[RECORDS SUPPLIED]
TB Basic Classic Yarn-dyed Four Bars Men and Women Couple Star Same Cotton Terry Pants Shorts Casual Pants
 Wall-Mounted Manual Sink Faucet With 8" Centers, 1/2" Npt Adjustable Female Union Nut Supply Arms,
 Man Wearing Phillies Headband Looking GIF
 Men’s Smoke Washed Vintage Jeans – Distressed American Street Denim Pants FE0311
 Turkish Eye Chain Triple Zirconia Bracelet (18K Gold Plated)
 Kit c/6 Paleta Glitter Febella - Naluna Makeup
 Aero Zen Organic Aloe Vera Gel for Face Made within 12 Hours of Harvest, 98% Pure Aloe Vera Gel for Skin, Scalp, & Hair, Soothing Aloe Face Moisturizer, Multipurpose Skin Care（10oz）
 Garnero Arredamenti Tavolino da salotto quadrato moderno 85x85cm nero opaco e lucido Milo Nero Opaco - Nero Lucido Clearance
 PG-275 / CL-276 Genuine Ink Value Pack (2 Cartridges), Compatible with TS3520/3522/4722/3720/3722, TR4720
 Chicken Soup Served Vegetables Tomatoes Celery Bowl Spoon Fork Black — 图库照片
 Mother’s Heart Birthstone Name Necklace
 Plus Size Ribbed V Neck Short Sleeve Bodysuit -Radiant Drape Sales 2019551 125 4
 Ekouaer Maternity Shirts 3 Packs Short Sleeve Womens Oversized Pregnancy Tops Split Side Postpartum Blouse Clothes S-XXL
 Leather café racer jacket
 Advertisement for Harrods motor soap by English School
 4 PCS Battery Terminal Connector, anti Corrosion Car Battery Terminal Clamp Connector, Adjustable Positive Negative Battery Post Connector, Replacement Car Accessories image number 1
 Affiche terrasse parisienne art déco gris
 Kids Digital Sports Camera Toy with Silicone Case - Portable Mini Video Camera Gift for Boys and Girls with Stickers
[/RECORDS SUPPLIED]
* _EXERCISE DIRECTIONS_:
Copy, please, exactly the lines that start at the first line of the data and end at the line containing "Man Wearing Phillies Headband Looking GIF", both kept and no others.

* _RESPONSE AREA_:
TB Basic Classic Yarn-dyed Four Bars Men and Women Couple Star Same Cotton Terry Pants Shorts Casual Pants
 Wall-Mounted Manual Sink Faucet With 8" Centers, 1/2" Npt Adjustable Female Union Nut Supply Arms,
 Man Wearing Phillies Headband Looking GIF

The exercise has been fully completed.